## TASK PROMPT
Please give back the listing below word for word and drop any images.

## PROVIDED RECORDS
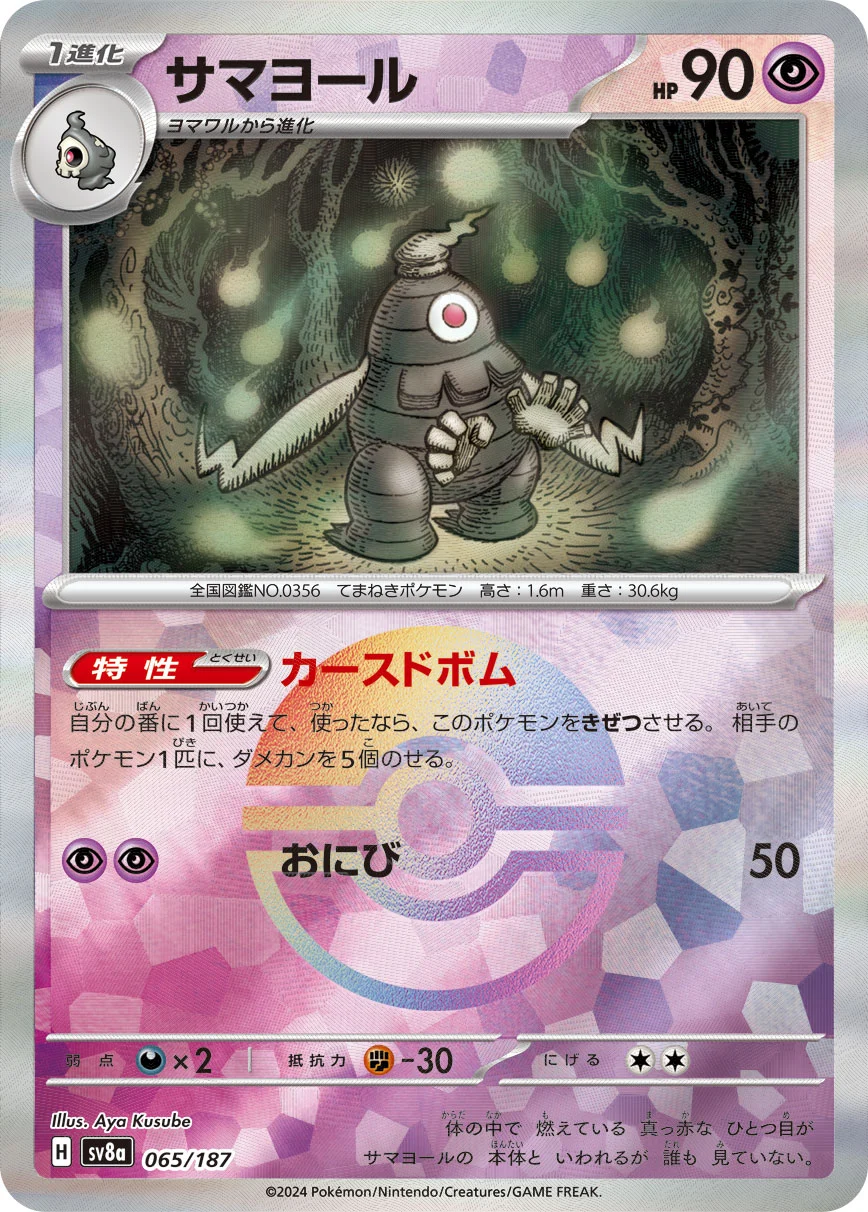 サマヨール ミラー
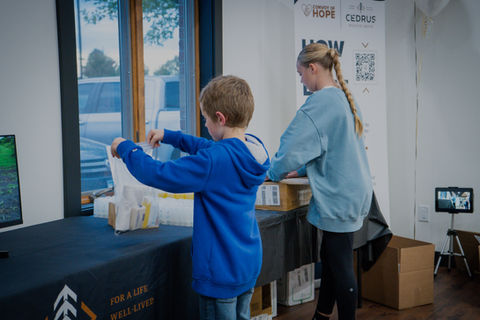 Impacting our Local Community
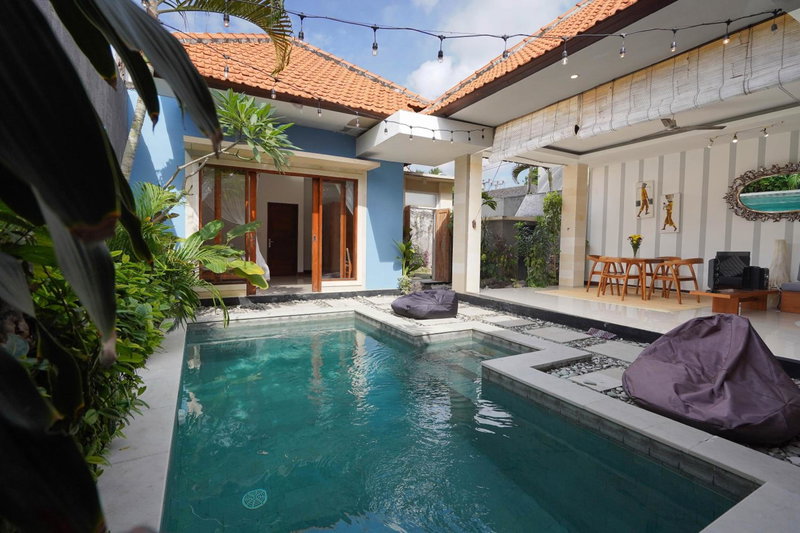 Villa Scarlet, Seminyak, Indonesia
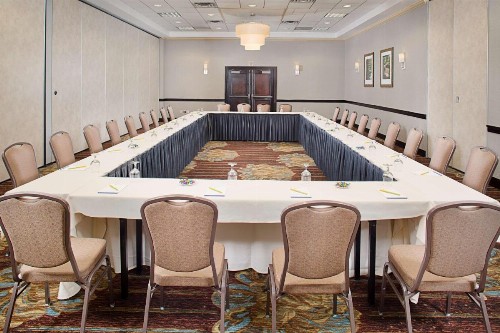 Hilton Garden Inn Denver Tech Center - image 20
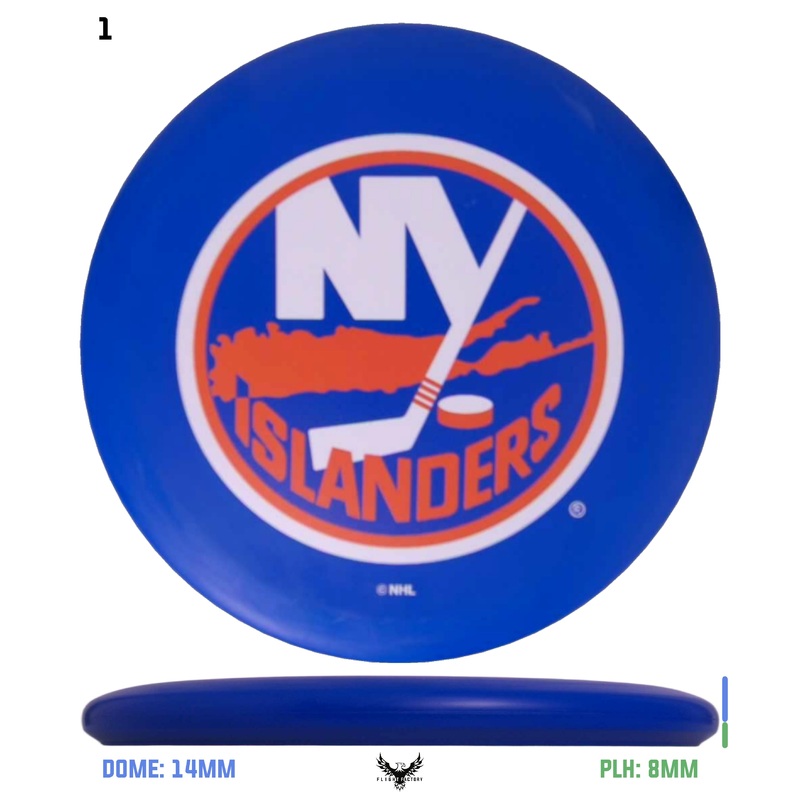 Prodigy BaseGrip Pivot – New York Islanders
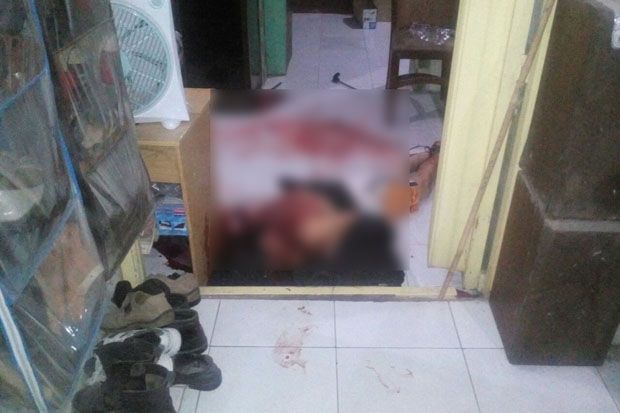 Istri Polisi di Jombang...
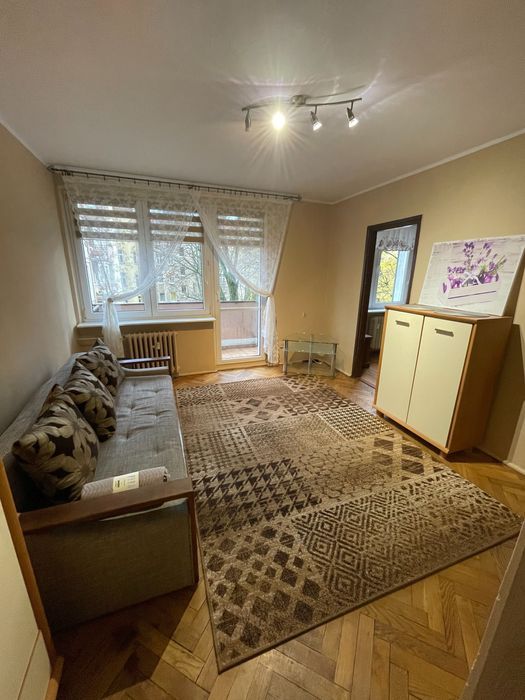 Mieszkanie 1-pokojowe Szczecin Centrum, pl. Jana Kilińskiego. Zdjęcie 1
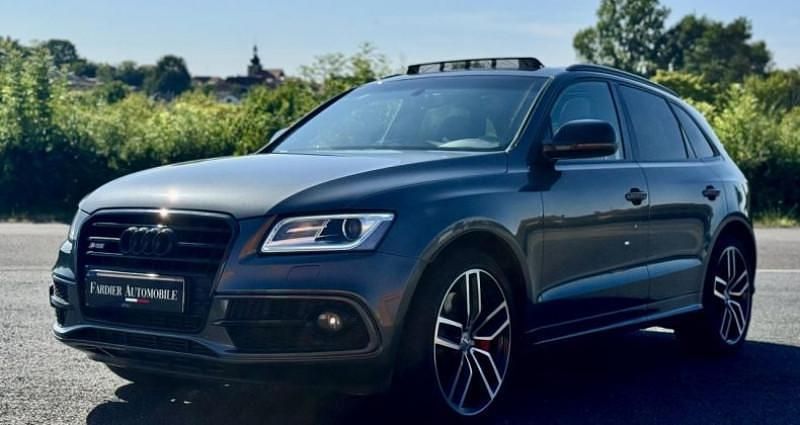 Utilisé 2017 Audi SQ5 SUV | 34 990 € (Prix juste) - Image 1/4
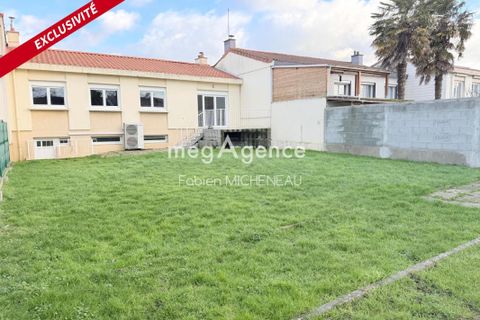 Villa - Cholet, Maine-et-Loire, Cholet - € 159 000 | Réf : 204910 - photo 1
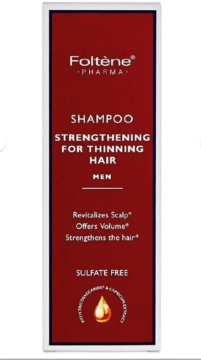 Foltene Pharma Saç Dökülmesine Karşı Erkeklere Özel Aktif Şampuan 200 ml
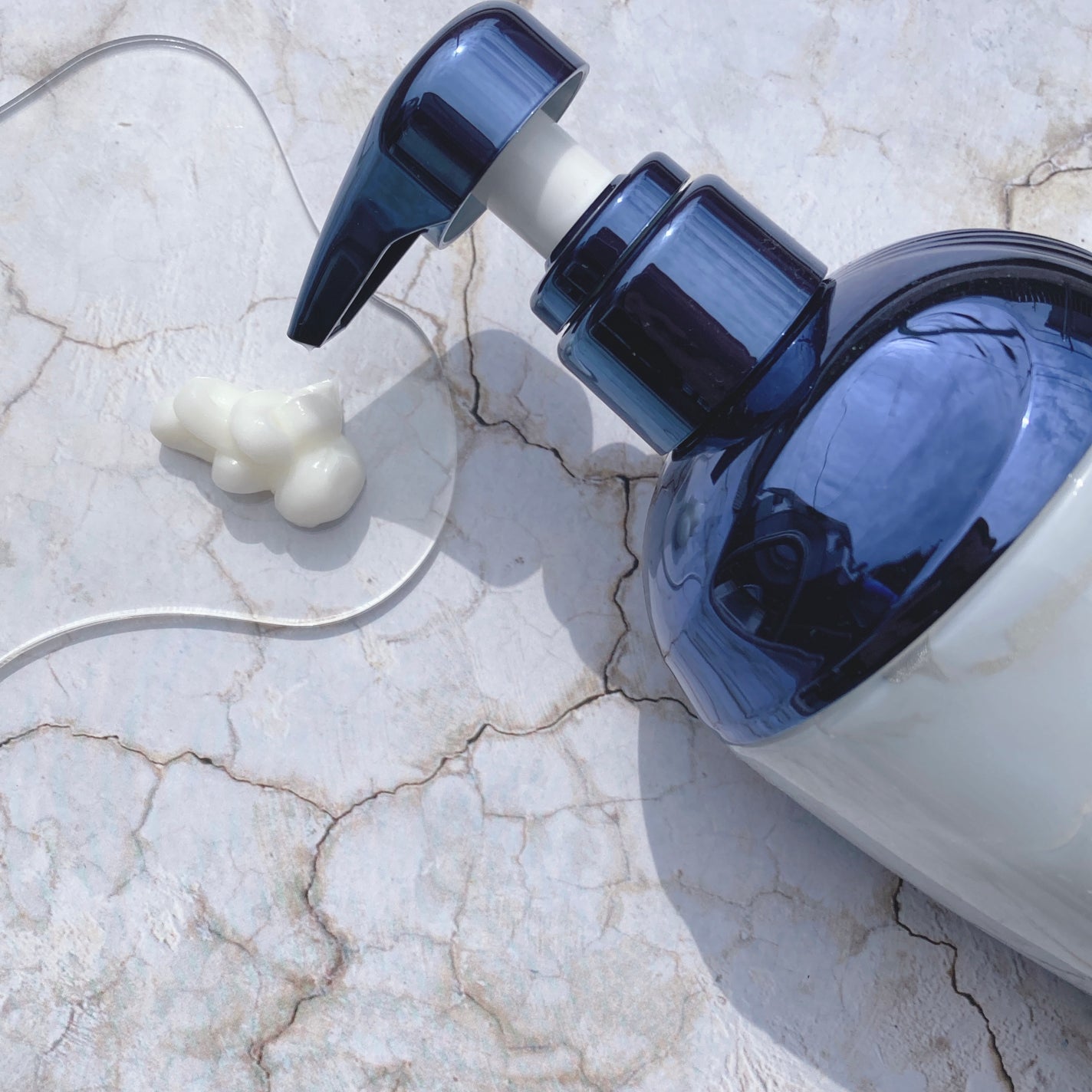 セラティス ムーンライトスリーク シャンプー / ヘアトリートメント/THERATIS/市販シャンプーを使ったクチコミ(3枚目)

## OUTPUT OF THE EXERCISE
 サマヨール ミラー
 Impacting our Local Community
 Villa Scarlet, Seminyak, Indonesia
 Hilton Garden Inn Denver Tech Center - image 20
 Prodigy BaseGrip Pivot – New York Islanders
 Istri Polisi di Jombang...
 Mieszkanie 1-pokojowe Szczecin Centrum, pl. Jana Kilińskiego. Zdjęcie 1
 Utilisé 2017 Audi SQ5 SUV | 34 990 € (Prix juste) - Image 1/4
 Villa - Cholet, Maine-et-Loire, Cholet - € 159 000 | Réf : 204910 - photo 1
 Foltene Pharma Saç Dökülmesine Karşı Erkeklere Özel Aktif Şampuan 200 ml
 セラティス ムーンライトスリーク シャンプー / ヘアトリートメント/THERATIS/市販シャンプーを使ったクチコミ(3枚目)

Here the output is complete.